Your job is to set down the stretch of entries that opens with the line containing "This article was" and closes with the line containing "The second mistake". Keep both end lines, copy each exactly, and add nothing.
** Data listing follows **
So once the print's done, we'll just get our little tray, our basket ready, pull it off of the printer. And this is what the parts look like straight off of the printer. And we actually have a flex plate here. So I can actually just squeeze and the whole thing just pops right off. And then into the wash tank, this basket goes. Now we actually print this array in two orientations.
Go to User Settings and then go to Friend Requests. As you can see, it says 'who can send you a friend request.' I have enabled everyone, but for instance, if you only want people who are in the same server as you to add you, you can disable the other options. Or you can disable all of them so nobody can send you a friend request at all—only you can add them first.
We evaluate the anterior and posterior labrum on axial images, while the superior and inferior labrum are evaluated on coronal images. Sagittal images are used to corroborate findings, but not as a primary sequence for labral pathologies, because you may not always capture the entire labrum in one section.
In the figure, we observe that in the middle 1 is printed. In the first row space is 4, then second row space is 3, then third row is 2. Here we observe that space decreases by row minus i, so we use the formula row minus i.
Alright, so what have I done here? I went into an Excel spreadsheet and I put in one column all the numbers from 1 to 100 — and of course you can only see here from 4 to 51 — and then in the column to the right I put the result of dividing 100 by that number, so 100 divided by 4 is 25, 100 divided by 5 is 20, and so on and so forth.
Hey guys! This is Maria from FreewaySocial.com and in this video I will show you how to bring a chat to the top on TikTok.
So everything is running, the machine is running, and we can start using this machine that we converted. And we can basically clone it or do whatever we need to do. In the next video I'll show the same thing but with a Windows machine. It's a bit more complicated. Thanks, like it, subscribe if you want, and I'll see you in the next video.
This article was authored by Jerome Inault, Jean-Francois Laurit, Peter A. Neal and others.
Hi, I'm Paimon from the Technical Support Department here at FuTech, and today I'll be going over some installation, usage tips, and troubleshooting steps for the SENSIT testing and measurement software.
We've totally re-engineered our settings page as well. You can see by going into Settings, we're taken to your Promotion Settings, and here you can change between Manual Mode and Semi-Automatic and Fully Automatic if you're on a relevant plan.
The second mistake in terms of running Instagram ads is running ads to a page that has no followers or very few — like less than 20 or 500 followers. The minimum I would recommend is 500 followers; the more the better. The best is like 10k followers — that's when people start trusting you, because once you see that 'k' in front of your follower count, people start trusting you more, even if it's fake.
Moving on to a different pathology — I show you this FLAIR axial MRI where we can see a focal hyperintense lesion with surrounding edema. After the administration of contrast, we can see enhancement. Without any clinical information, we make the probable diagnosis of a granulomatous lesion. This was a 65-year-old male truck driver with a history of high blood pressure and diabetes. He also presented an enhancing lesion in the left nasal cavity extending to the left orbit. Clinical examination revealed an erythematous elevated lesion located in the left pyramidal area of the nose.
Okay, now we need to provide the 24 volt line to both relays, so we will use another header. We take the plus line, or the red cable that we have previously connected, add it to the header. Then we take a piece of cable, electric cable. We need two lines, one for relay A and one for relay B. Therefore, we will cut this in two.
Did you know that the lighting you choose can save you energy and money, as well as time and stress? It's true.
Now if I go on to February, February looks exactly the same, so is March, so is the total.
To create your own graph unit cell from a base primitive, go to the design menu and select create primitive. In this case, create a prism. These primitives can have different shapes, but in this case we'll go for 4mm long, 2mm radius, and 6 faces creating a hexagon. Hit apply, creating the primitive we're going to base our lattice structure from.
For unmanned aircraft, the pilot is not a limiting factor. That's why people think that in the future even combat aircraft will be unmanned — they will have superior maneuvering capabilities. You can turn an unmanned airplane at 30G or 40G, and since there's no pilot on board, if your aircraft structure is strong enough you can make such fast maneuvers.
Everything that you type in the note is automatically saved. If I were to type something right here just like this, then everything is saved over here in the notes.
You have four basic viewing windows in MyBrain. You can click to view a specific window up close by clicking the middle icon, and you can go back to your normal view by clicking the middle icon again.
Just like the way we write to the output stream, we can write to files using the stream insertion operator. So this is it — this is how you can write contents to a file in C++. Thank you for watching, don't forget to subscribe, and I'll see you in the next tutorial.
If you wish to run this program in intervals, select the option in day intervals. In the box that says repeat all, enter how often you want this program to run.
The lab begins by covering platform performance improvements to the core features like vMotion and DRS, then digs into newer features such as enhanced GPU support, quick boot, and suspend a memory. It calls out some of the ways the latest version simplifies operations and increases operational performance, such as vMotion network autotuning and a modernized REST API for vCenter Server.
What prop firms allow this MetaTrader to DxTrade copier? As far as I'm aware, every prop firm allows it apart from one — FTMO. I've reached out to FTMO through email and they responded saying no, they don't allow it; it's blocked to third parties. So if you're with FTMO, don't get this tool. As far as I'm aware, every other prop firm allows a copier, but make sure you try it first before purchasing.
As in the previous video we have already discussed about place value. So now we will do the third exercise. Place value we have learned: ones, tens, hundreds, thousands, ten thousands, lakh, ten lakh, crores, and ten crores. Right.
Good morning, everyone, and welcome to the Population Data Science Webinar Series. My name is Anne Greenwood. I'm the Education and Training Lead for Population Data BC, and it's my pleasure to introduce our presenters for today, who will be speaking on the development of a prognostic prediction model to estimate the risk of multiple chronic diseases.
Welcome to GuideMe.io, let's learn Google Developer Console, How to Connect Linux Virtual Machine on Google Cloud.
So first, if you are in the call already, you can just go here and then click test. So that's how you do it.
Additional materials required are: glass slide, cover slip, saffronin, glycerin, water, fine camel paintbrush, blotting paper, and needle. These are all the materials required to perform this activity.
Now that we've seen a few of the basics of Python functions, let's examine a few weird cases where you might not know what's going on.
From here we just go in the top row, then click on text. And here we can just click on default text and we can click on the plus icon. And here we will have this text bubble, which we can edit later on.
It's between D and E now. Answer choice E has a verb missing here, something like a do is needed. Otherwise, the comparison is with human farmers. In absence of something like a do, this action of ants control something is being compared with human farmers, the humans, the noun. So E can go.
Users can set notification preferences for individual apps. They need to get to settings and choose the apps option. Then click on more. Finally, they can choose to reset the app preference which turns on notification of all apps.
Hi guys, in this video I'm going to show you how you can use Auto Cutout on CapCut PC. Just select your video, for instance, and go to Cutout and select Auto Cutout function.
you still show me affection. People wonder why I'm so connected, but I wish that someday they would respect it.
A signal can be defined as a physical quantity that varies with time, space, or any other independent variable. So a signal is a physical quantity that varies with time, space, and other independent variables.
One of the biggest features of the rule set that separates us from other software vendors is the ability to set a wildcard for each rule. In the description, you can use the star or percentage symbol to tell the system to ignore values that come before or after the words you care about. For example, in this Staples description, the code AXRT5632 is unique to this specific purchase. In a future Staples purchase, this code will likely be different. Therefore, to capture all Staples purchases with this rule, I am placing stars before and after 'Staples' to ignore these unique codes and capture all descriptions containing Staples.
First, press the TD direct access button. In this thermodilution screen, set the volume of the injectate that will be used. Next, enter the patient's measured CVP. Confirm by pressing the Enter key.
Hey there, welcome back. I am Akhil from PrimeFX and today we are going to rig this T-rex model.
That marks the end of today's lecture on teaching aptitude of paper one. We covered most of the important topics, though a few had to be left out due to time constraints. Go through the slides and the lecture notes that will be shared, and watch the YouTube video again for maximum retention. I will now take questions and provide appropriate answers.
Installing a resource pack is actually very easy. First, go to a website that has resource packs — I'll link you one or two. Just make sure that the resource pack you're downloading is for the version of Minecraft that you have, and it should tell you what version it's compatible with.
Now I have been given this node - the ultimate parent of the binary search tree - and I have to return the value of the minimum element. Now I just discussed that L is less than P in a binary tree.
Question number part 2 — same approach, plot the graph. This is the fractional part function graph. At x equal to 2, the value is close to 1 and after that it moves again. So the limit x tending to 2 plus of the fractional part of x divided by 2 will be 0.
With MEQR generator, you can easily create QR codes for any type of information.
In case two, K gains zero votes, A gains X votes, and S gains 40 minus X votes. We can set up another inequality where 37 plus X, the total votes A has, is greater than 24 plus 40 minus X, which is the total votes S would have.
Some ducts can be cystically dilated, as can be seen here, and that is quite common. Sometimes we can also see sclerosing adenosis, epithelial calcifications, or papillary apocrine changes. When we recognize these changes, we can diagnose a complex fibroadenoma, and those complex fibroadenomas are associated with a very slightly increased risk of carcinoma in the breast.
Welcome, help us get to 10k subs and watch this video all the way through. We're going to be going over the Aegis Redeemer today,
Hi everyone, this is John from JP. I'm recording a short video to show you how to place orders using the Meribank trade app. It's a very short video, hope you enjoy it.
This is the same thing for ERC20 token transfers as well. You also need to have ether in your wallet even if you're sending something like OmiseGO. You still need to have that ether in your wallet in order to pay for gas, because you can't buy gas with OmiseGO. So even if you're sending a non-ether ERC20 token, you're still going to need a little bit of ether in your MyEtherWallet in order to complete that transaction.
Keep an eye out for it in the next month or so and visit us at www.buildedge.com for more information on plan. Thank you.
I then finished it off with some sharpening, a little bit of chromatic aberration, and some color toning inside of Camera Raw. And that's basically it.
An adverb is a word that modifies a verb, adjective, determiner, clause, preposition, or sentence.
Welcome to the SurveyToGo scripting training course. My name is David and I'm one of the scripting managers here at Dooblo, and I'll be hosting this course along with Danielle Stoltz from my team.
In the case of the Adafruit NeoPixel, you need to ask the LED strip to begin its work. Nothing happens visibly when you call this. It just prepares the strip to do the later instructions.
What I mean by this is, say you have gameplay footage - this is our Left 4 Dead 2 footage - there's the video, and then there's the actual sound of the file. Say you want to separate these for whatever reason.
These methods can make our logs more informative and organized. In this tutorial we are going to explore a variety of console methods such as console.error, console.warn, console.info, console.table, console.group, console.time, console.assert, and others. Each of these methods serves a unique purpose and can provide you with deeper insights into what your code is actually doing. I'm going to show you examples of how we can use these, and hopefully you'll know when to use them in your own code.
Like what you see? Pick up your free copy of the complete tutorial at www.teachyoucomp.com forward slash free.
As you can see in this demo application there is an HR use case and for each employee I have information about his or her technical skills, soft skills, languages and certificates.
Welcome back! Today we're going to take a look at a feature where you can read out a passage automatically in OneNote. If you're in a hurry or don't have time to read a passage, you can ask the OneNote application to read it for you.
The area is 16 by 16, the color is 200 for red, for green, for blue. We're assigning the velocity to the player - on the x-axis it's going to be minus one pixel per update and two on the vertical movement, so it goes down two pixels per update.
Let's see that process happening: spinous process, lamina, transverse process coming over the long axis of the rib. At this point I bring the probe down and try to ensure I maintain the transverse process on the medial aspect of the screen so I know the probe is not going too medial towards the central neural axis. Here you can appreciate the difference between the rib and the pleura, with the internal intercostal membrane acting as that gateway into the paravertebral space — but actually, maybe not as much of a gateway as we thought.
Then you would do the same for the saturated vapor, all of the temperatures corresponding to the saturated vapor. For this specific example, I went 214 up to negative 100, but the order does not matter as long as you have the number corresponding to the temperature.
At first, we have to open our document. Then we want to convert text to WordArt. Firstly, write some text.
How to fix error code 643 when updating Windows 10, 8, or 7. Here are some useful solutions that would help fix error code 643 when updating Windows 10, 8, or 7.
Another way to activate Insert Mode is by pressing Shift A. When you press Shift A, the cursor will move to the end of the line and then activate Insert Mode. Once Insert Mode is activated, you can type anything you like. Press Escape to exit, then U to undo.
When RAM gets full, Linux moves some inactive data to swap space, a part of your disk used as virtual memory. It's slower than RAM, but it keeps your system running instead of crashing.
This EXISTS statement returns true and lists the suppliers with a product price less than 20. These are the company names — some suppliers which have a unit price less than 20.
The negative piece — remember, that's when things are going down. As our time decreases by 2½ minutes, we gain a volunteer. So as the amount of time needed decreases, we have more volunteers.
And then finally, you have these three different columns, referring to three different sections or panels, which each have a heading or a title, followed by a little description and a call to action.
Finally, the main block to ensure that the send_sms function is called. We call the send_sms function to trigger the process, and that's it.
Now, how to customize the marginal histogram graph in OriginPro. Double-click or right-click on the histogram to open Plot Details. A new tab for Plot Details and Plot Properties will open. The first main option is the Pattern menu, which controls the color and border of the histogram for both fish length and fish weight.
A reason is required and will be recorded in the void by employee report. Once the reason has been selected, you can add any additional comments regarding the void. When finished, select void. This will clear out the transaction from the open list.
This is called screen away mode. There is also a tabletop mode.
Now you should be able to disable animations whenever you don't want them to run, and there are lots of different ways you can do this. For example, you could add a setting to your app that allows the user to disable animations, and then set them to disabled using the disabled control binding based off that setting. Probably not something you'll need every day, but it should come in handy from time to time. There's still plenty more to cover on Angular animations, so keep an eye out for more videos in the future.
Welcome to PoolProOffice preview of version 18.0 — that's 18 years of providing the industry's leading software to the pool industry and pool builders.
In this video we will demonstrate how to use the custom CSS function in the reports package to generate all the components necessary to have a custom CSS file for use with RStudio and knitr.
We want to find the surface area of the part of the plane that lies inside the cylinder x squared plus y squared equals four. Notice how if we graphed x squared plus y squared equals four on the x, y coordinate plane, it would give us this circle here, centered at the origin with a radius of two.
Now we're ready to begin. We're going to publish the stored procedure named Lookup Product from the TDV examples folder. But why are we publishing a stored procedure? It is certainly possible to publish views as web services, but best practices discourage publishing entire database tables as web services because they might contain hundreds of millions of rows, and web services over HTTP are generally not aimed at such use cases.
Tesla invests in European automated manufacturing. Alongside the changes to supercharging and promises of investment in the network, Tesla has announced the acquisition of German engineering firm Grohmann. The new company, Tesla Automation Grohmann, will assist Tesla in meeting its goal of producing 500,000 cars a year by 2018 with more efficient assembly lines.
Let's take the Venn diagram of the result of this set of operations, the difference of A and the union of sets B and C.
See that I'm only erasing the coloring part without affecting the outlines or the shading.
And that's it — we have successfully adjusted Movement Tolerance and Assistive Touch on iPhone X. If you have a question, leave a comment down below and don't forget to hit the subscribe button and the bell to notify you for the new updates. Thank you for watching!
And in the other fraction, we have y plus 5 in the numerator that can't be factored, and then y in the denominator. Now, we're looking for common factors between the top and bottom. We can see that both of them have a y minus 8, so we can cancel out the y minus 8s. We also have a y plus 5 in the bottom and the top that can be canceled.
** End of Data listing **
→ Solution for this exercise:
This article was authored by Jerome Inault, Jean-Francois Laurit, Peter A. Neal and others.
Hi, I'm Paimon from the Technical Support Department here at FuTech, and today I'll be going over some installation, usage tips, and troubleshooting steps for the SENSIT testing and measurement software.
We've totally re-engineered our settings page as well. You can see by going into Settings, we're taken to your Promotion Settings, and here you can change between Manual Mode and Semi-Automatic and Fully Automatic if you're on a relevant plan.
The second mistake in terms of running Instagram ads is running ads to a page that has no followers or very few — like less than 20 or 500 followers. The minimum I would recommend is 500 followers; the more the better. The best is like 10k followers — that's when people start trusting you, because once you see that 'k' in front of your follower count, people start trusting you more, even if it's fake.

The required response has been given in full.